[Work request]
Without the pictures, set down everything in the listing exactly.

[Dataset section]
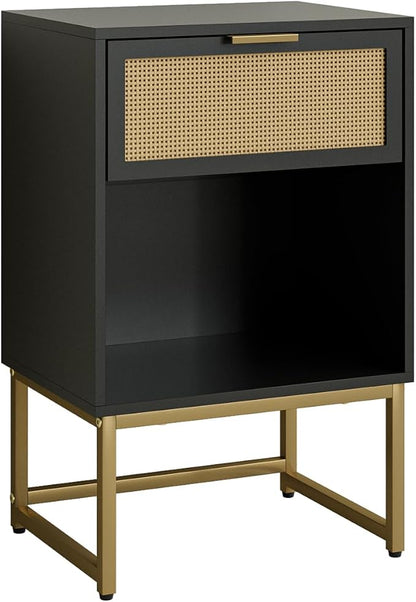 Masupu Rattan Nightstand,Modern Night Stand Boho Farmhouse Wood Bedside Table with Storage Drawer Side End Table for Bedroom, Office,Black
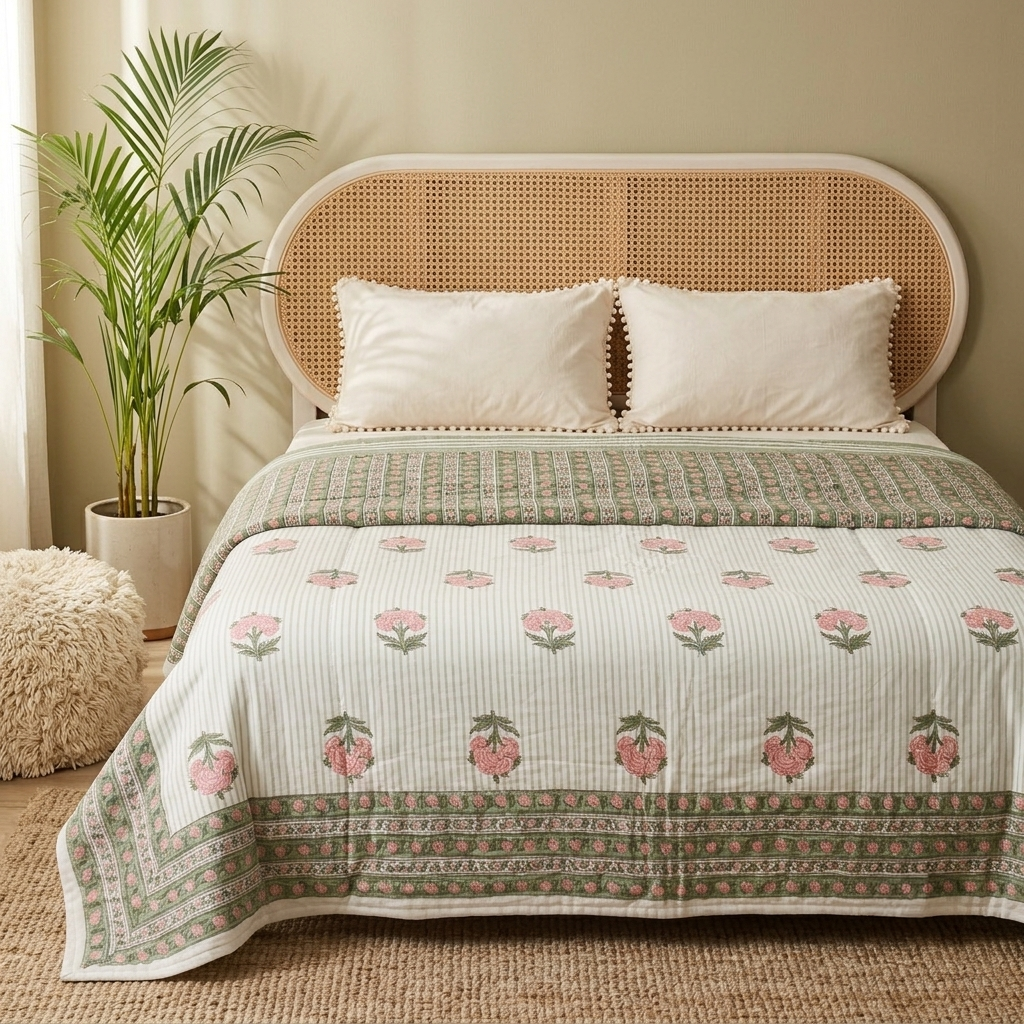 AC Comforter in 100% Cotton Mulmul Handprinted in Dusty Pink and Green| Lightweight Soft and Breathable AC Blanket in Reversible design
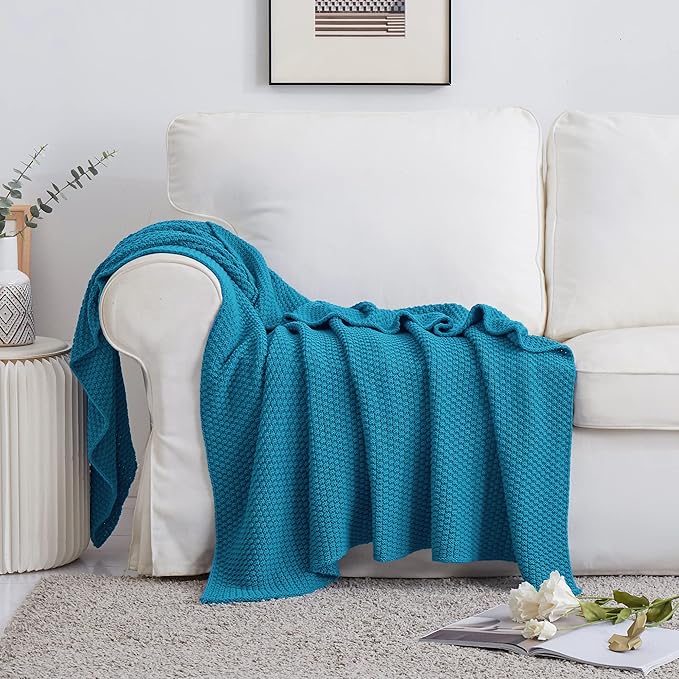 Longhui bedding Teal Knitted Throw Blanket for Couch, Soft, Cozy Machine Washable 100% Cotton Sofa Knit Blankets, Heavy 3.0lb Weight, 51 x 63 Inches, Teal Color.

[Answer to this problem]
 Masupu Rattan Nightstand,Modern Night Stand Boho Farmhouse Wood Bedside Table with Storage Drawer Side End Table for Bedroom, Office,Black
 AC Comforter in 100% Cotton Mulmul Handprinted in Dusty Pink and Green| Lightweight Soft and Breathable AC Blanket in Reversible design
 Longhui bedding Teal Knitted Throw Blanket for Couch, Soft, Cozy Machine Washable 100% Cotton Sofa Knit Blankets, Heavy 3.0lb Weight, 51 x 63 Inches, Teal Color.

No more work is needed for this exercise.